Perusahaan Geolistrik Air Tanah Barito Selatan

By | 6 September 2019
No ratings yet.

Perusahaan Geolistrik Air Tanah Barito Selatan

Perusahaan Geolistrik Air Tanah Barito Selatan Profesional

METODE GEOLISTRIK

Geolistrik merupakan salah satu  metode geofisika yang bertujuan paham sifat-sifat kelistrikan lapisan batuan dibawah permukaan tanah bersama cara menginjeksikan arus listrik ke di dalam tanah. Geolistrik merupakan tidak benar satu metode geofisika aktif, gara-gara arus listrik berasal dari luar sistem. Tujuan utama berasal dari metode ini sebenarnya adalah melacak resistivitas atau tahanan type dari batuan. Resistivitas atau tahanan tipe adalah besaran atau parameter yang menyatakan tingkat hambatannya pada arus listrik . Batuan yang miliki resistivitas tambah besar, membuktikan bahwa batuan berikut sukar untuk dialiri oleh arus listrik. Selain resistivitas batuan, metode geolistrik juga mampu dipakai untuk menentukan sifat-sifat kelistrikan lain seperti potensial diri dan medan induksi.

Resistivitas batuan bisa diukur dengan memasukkan arus listrik ke dalam tanah melalui 2 titik elektroda di permukaan tanah dan 2 titik lain untuk mengukur beda potensial di permukaan yang sama. Hasil pengukuran geolistrik sanggup bersifat peta sebaran tahanan model baik dengan tipe mapping atau horisontal maupun sounding atau kedalaman. Hasil pengukuran geolistrik mapping maupun sounding sesuai dengan kebutuhan diadakannya akuisisi data serta type konfigurasi yang digunakan.

Penggunaan geolistrik pertama kali dijalankan oleh Conrad Schlumberger terhadap th. 1912. Geolistrik merupakan keliru satu metoda geofisika untuk jelas perubahan tahanan model susunan batuan di bawah permukaan tanah dengan langkah mengalirkan arus listrik DC (‘Direct Current’) yang membawa tegangan tinggi ke di dalam tanah. Injeksi arus listrik ini gunakan 2 buah ‘Elektroda Arus’ A dan B yang ditancapkan ke didalam tanah bersama jarak tertentu.
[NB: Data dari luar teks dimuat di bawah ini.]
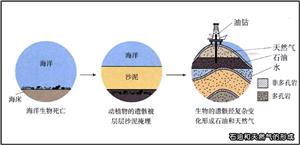 石油和天然气的形成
Semakin panjang jarak elektroda AB bakal sebabkan aliran arus listrik dapat menembus lapisan batuan lebih dalam.

Dengan terdapatnya aliran arus listrik berikut maka akan mengakibatkan tegangan listrik di didalam tanah. Tegangan listrik yang berlangsung di permukaan tanah diukur bersama  penggunakan multimeter yang terhubung melalui 2 buah ‘Elektroda Tegangan’ M dan N yang jaraknya lebih pendek dari terhadap jarak elektroda AB. Bila posisi jarak elektroda AB diubah jadi lebih besar maka tegangan listrik yang berjalan pada elektroda MN ikut beralih sesuai dengan informasi jenis batuan yang ikut terinjeksi arus listrik terhadap kedalaman yang lebih besar.

Dengan kesimpulan bahwa kedalaman lapisan batuan yang bisa ditembus oleh arus listrik ini sama dengan separuh berasal dari jarak AB yang biasa disebut AB/2 (bila digunakan arus listrik DC murni), maka diperkirakan efek dari injeksi aliran arus listrik ini berbentuk setengah bola bersama jari-jari AB/2.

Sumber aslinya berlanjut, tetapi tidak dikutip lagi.